Web page caption snippets
■ ■ ■

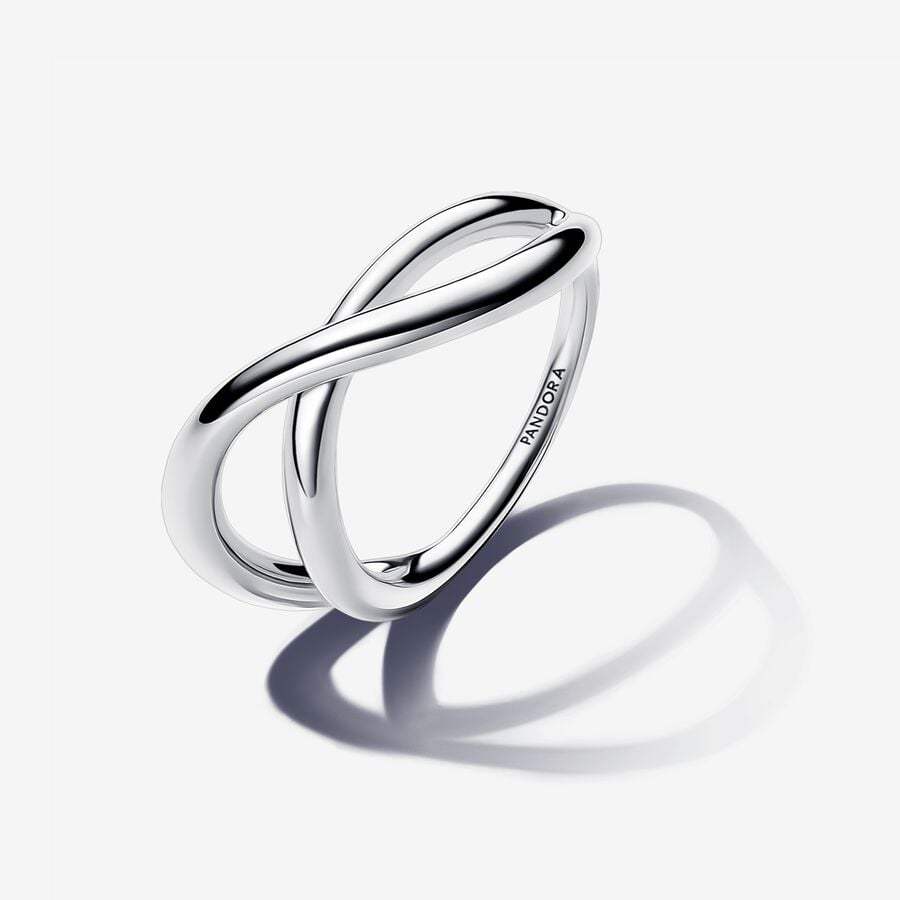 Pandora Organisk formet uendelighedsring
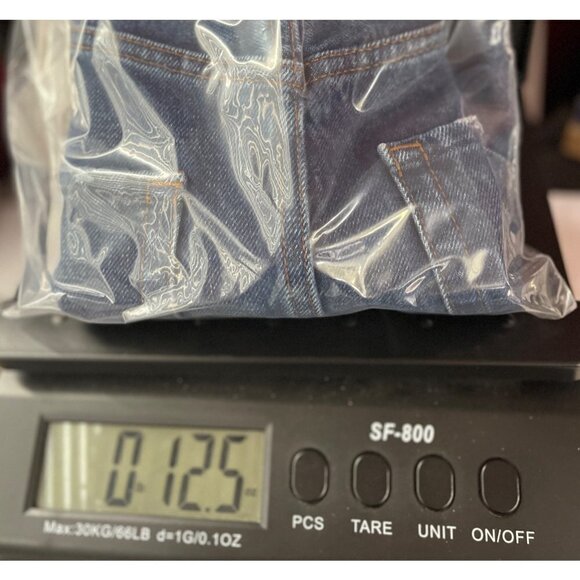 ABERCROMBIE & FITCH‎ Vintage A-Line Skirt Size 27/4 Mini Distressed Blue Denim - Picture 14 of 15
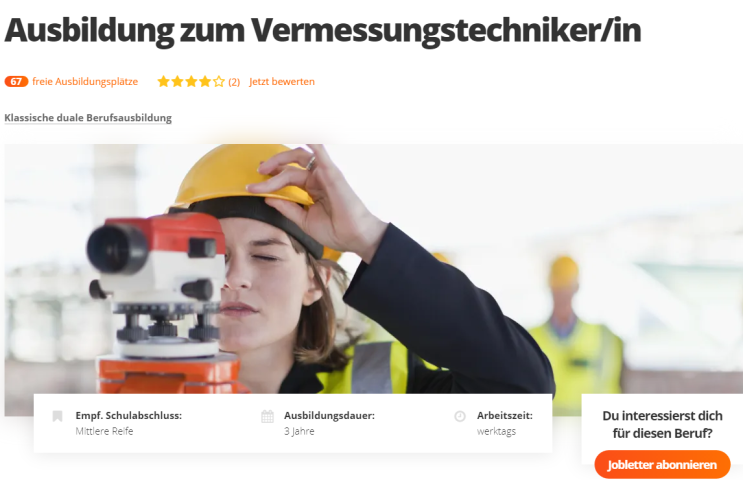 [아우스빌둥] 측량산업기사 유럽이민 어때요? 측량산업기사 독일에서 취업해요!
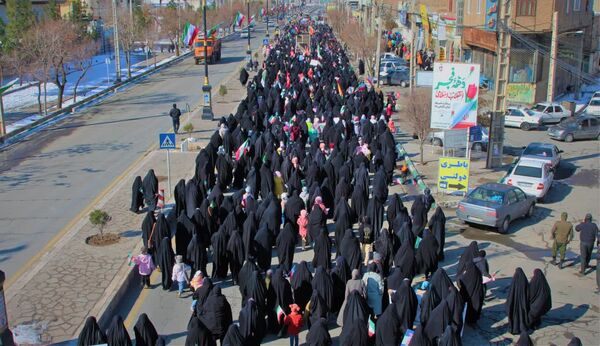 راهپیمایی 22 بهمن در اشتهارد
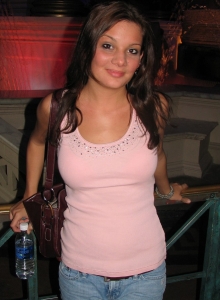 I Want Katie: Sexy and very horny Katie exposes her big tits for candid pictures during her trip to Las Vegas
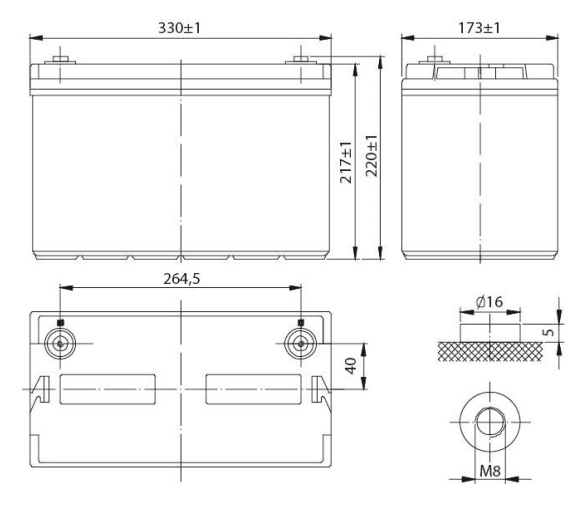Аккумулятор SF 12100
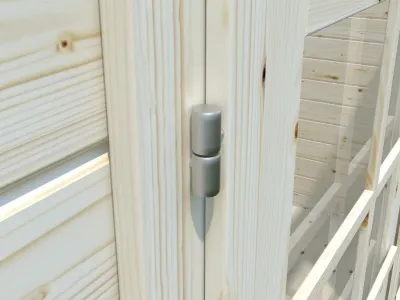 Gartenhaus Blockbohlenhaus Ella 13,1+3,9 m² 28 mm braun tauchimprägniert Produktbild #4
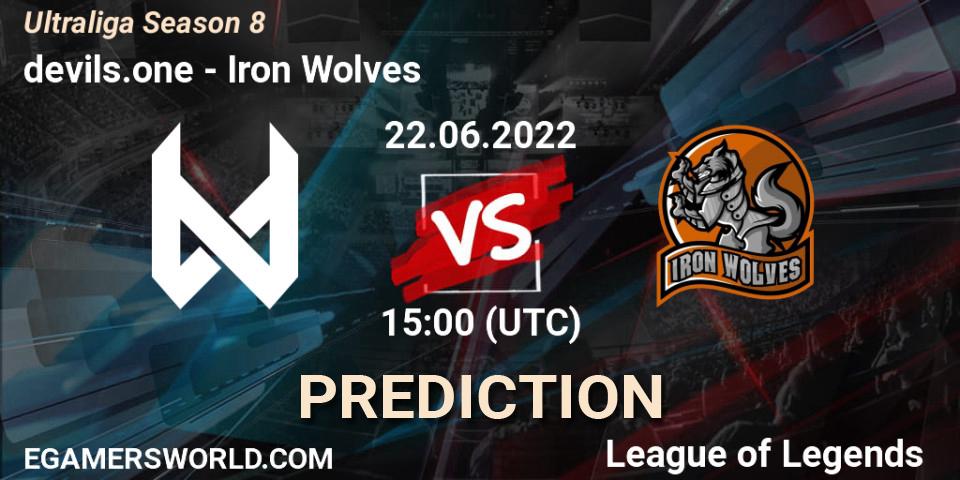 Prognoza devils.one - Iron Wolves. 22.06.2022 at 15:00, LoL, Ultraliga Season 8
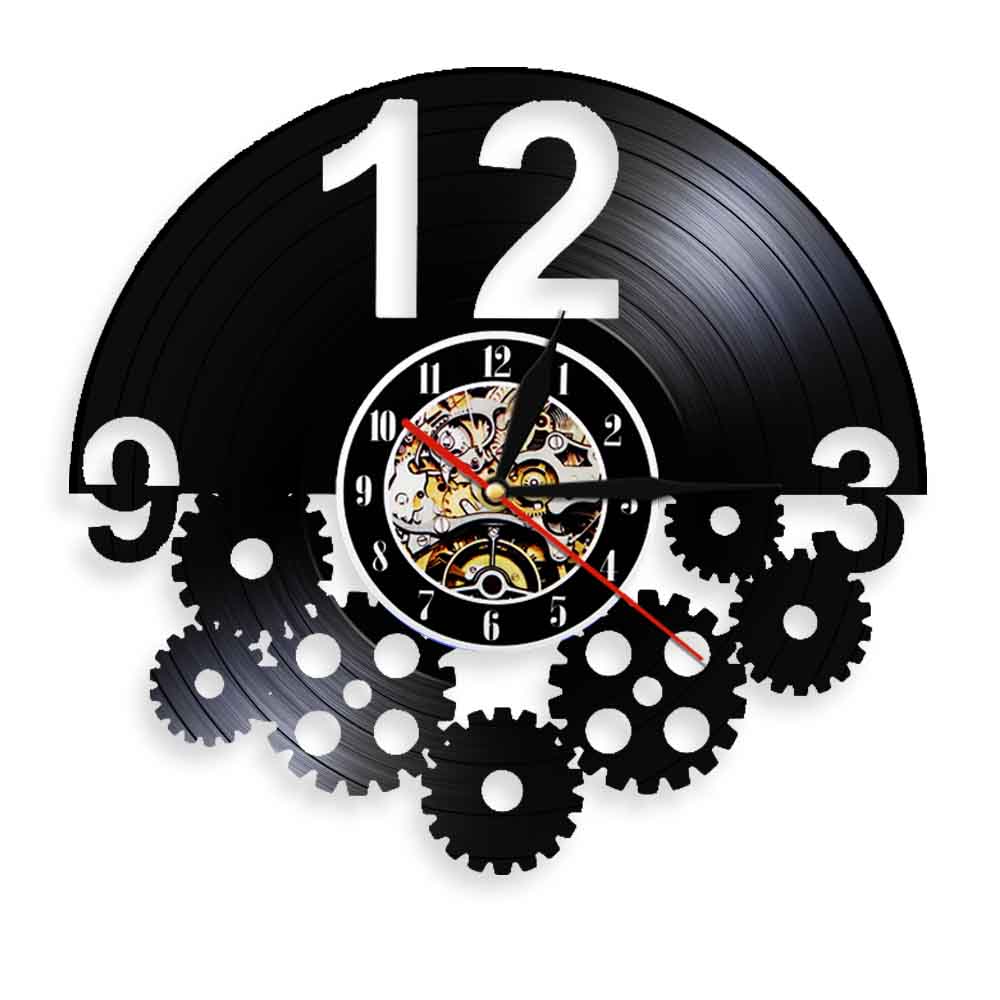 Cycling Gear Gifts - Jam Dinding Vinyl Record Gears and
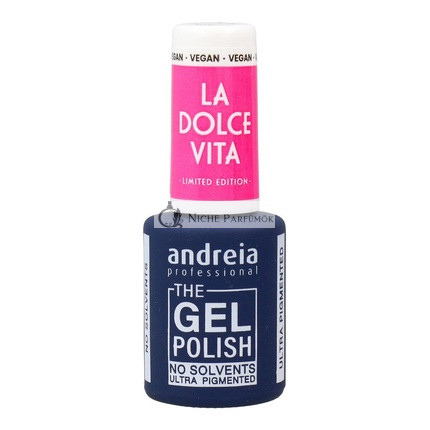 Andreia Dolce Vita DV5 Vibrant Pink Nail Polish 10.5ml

■ ■ ■

## Aim of the exercise
Will you restate every entry word for word and omit the images?

## Your response
 Pandora Organisk formet uendelighedsring
 ABERCROMBIE & FITCH‎ Vintage A-Line Skirt Size 27/4 Mini Distressed Blue Denim - Picture 14 of 15
 [아우스빌둥] 측량산업기사 유럽이민 어때요? 측량산업기사 독일에서 취업해요!
 راهپیمایی 22 بهمن در اشتهارد
 I Want Katie: Sexy and very horny Katie exposes her big tits for candid pictures during her trip to Las Vegas
Аккумулятор SF 12100
 Gartenhaus Blockbohlenhaus Ella 13,1+3,9 m² 28 mm braun tauchimprägniert Produktbild #4
 Prognoza devils.one - Iron Wolves. 22.06.2022 at 15:00, LoL, Ultraliga Season 8
 Cycling Gear Gifts - Jam Dinding Vinyl Record Gears and
 Andreia Dolce Vita DV5 Vibrant Pink Nail Polish 10.5ml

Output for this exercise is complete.